Die wesentliche Herausforderung besteht also darin, zum einen die unterschiedlichen Wirkeinflüsse in einem Modell abzubilden und dieses auf Grundlage der verfügbaren lokalen Verkehrsdaten, der Anzeigezustände sowie der Wetter- und Umfelddaten zu kalibrieren.
Die wesentliche Herausforderung besteht also darin, zum einen die unterschiedlichen Wirkeinflüsse in einem Modell abzubilden und dieses auf Grundlage der verfügbaren lokalen Verkehrsdaten, der Anzeigezustände sowie der Wetter- und Umfelddaten zu kalibrieren.
Alternativ könnten Verhaltensweisen auf Basis von Befragungen ermittelt werden (vgl. [6]).
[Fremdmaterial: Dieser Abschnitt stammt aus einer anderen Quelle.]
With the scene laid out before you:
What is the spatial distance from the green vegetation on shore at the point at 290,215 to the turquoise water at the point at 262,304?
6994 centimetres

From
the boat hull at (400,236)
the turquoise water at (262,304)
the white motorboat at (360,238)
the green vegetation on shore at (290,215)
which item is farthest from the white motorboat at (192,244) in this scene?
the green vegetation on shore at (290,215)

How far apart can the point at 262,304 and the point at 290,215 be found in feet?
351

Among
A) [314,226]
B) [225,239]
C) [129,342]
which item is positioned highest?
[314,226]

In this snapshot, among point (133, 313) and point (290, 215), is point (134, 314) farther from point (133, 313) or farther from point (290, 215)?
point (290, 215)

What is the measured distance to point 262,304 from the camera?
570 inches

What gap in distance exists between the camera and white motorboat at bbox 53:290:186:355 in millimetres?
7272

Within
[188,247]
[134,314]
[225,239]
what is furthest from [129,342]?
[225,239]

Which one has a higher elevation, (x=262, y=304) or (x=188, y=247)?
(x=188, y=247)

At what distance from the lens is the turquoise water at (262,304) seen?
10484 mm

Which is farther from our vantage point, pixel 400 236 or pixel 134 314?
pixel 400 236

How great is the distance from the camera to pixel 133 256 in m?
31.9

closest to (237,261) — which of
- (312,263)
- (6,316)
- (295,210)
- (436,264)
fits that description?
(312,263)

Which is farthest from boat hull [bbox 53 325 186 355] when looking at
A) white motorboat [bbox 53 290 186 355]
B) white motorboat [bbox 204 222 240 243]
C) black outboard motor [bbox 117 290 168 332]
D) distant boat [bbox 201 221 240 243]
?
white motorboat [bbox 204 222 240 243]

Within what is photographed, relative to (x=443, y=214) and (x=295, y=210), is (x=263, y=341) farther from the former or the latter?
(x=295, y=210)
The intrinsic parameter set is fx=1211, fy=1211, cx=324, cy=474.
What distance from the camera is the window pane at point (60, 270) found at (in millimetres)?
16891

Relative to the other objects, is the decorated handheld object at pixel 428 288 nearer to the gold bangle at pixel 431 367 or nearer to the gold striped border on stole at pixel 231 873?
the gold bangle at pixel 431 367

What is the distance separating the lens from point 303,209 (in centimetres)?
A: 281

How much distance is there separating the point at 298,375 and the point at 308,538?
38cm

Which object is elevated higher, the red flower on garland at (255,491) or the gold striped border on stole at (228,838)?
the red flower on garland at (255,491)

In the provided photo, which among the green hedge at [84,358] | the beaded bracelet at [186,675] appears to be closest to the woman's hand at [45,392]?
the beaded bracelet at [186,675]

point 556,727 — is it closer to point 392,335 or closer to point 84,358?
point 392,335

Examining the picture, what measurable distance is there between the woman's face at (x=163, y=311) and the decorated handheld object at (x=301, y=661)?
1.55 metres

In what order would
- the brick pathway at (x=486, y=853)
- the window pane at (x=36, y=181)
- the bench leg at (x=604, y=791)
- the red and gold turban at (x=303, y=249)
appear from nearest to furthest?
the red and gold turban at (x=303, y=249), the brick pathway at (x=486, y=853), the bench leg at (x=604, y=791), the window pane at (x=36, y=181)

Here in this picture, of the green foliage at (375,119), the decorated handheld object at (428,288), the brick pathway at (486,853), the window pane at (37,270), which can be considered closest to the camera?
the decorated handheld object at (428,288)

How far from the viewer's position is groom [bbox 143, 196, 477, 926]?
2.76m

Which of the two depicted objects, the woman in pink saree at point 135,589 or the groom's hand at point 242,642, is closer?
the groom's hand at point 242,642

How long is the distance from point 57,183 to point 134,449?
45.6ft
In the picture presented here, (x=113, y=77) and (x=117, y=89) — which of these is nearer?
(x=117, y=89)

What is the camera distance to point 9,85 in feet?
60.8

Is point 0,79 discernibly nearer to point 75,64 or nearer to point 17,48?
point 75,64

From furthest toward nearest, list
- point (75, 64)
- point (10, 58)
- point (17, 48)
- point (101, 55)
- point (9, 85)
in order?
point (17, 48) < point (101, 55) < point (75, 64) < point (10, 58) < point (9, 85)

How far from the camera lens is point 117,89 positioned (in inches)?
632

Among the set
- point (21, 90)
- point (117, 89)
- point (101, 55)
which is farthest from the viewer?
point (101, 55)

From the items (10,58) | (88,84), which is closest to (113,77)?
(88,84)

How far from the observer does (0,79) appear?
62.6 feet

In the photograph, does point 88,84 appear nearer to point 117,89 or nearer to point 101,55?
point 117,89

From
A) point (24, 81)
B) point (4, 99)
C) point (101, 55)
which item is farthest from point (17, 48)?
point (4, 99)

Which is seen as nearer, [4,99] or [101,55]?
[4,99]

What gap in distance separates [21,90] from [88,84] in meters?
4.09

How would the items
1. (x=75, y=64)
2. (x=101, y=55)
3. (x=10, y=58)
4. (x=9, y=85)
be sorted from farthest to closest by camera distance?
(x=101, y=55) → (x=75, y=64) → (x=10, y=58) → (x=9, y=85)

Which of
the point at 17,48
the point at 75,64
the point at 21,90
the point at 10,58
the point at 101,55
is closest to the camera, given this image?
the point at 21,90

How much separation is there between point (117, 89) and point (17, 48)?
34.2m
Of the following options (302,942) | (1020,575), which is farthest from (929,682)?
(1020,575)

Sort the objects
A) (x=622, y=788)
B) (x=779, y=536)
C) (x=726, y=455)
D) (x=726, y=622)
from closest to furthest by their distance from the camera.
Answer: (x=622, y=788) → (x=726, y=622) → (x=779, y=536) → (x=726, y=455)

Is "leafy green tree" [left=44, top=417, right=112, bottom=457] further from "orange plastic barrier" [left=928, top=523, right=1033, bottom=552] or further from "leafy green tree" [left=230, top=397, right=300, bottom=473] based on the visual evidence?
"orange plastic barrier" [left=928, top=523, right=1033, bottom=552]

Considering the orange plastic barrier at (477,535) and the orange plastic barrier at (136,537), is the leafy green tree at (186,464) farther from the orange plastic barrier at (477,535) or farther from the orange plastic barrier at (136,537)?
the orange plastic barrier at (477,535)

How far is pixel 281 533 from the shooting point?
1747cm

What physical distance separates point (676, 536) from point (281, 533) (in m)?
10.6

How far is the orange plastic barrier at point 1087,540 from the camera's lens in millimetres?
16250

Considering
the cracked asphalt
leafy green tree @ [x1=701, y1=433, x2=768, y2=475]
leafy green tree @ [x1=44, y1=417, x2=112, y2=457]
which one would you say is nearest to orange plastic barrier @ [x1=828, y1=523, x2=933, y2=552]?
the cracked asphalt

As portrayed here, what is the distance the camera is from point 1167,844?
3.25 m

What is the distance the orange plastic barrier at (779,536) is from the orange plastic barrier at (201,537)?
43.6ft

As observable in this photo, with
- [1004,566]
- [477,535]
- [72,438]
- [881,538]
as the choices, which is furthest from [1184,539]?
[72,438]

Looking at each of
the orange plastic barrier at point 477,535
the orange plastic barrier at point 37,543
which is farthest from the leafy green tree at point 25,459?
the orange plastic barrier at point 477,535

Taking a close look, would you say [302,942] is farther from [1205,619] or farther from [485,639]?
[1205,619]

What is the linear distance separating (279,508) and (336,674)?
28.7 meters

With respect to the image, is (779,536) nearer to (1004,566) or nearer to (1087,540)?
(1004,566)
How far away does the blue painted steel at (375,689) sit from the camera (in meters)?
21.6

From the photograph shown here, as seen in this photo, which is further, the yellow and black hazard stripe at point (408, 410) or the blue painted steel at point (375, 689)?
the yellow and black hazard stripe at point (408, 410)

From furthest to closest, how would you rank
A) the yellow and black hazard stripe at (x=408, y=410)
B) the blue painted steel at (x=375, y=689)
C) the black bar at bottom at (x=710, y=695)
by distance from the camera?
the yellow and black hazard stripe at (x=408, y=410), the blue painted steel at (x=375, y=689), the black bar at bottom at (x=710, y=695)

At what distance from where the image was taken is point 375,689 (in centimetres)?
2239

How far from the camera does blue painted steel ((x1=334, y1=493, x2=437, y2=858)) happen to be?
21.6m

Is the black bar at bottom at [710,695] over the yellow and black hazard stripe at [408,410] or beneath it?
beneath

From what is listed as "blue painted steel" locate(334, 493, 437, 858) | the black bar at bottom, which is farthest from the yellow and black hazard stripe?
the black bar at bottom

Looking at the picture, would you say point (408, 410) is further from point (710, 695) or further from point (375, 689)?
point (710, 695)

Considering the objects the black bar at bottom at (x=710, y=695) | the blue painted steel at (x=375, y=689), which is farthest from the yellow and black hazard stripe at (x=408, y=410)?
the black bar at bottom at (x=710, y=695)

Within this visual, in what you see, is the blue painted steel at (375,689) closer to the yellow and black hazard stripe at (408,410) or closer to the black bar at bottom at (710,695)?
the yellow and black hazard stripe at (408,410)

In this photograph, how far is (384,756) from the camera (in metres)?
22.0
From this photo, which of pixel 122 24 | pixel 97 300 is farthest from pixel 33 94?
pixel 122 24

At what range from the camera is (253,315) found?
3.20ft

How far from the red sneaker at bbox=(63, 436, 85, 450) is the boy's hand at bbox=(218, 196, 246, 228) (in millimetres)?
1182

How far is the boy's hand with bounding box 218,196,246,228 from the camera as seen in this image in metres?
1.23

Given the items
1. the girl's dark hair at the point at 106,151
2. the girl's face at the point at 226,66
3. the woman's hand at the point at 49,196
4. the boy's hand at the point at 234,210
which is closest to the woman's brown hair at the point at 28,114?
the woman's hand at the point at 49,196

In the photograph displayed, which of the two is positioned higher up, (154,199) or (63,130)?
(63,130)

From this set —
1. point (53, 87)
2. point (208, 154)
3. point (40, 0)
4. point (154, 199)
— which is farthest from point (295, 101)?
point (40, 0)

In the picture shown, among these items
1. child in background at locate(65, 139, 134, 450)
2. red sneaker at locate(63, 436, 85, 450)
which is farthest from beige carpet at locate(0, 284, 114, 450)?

Hier interessieren besonders die Gründe von Missachtungen der verkehrsrechtlichen Anordnungen im situativen Kontext. Die Literaturauswertung hierzu ergab jedoch keinen Hinweis, ob ein hierauf aufbauendes hinreichend genaues Befolgungsmodell für dynamische Geschwindigkeitsbeschränkungen einer SBA bereits entwickelt wurde.
Hinsichtlich der möglichen Nutzung von Befragungsergebnissen zur Modellierung des Fahrerverhaltens diskutiert eine portugiesische Studie die Eignung gängiger Simulationstools zur Mikrosimulation von Telematik. Darin heißt es, dass Multi-Agenten-Systeme das Zusammenwirken von zahlreichen heterogenen Einheiten sehr genau simulieren können [7]. Da zum Projektstart zwei laufende Forschungsaktivitäten (vgl. [4] und [5]) zur mikroskopischen Simulation von SBA noch nicht abgeschlossen waren, bot es sich für die einleitend beschriebene Aufgabenstellung an, den agentenbasierten Simulationsansatz zu verfolgen. Wie sich zeigen wird, bietet die agentenbasierte Simulation die Möglichkeit, Verhaltensweisen einzelner Verkehrsteilnehmer situativ und individuell – also auch in Anlehnung an Befragungen – beschreiben zu können.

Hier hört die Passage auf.